Anonymous sources have leaked photos of Magic Leap, a $4.5 billion project funded by Google that aims to become a major augmented reality upgrade for humans, adding digital images to regular vision.
The public has criticized the photo, mainly due to the gadget’s cumbersome look, although CEO Rony Abovitz claims that it is only a “test rig.” The image shows a young male with a backpack and several straps, which differ significantly from Google’s deceased project Google Glasses.
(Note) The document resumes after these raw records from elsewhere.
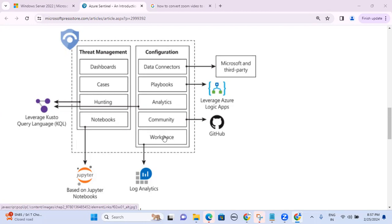The Configuration side is basically the administration part — log collection, aggregation, parsing, normalization, indexing, querying, filtering, correlation rule creation, and automation. All those fall under the administration or configuration side.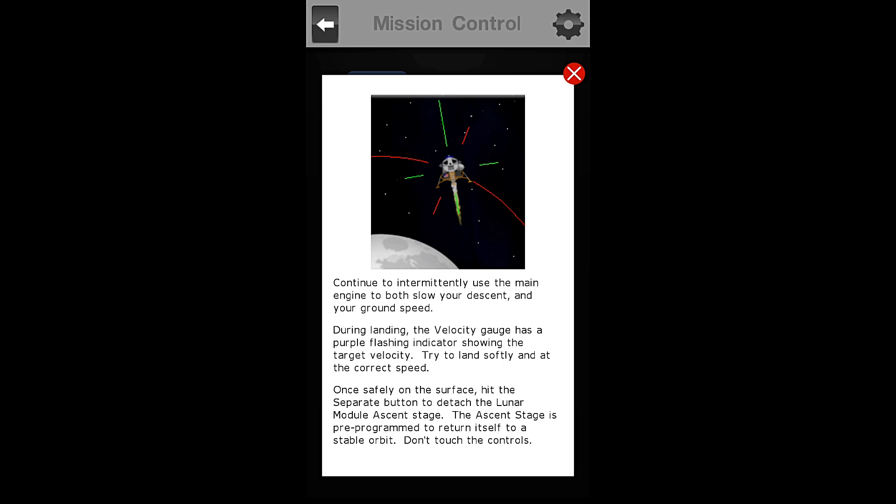Continue to intermittently use the main engine to both slow your descent and your ground speed. During landing, the velocity gauge has a purple flashing indicator showing the target velocity. Try to land softly and at the correct speed.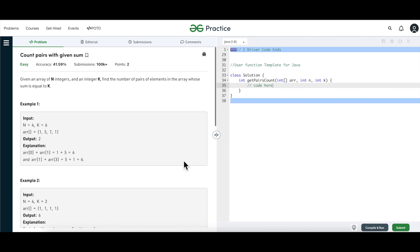Hello and welcome everyone to my channel CodeVitiz. Today we are going to solve 'Count Pairs with Given Sum'. We are given an array of n integers and an integer k, and we have to find the number of pairs of elements in the array whose sum is equal to k.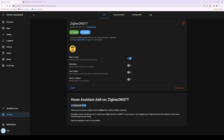Once installed, you'll see 'Start on boot' is already enabled. Enable 'Watchdog' by clicking the slider to turn it blue. Auto update is your choice. Also enable 'Show in sidebar' — I'd recommend this so the Zigbee2MQTT menu option appears in the sidebar, making it easy to add devices. Turn that slider blue and you'll see Zigbee2MQTT now appears in the sidebar.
After seven years of development, we still don’t know much about Magic Leap
Magic Leap’s investors include Google, Alibaba, Legendary Entertainment, and more. The idea is that Magic Leap should superimpose 3D graphics onto the real world, although there is uncertainty about whether the device would be comfortable for use, which in turn determines if it can be commercial or not. The startup has raised over $1 billion in venture capital, hitting the $4.5 billion mark in company value. The organization is also funded by great investing firms such as JPMorgan and Kleiner Perkins.
After defending his project on Twitter and clarifying that Magic Leap is in no ways what was shown in the picture, Abovitz assured that followers would not be let down. It is worth to know that the leaked picture is the only visual information that exists on Magic Leap that’s outside the confines of the company.
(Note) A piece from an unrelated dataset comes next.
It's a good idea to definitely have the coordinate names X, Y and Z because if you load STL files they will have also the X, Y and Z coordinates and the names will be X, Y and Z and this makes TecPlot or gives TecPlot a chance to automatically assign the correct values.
The photo was leaked to Business Insider, and the anonymous source indicated that it was “the real wearable,” codenamed “PEQo.” Apparently, the photo was taken in January, but the source also revealed that the prototype had undergone significant upgrades since then.
The source also revealed that the board of investors would see a demo of the “PEQ” prototype directed by Abovitz sometime next week. Apparently, it will employ a version of the device seen in the photo that employs belts instead of backpacks.
The board meeting is expected to be a landmark in how the product is evolving, which will most assuredly show that the device is fully portable because such ability is now perceived as a game-changing component of any AR device.
Although a private demonstration is bound to take place, Business Insider claims that the gadget is a long way from becoming available for sale, seeing that they point out a battery pack being held by the person’s left hand.
The company was founded back in 2010, and as of today, they have not released a single product to the market. Up until 2014, the company was working on computer vision without being in the investing spotlight.
Apparently, their goal is to build “a Google Glass on steroids that can seamlessly blend computer-generated graphics with the real world.” The only other content released by the company is a video released in 2015, although it appears to be a metaphorical representation of what Magic Leap will be able to do.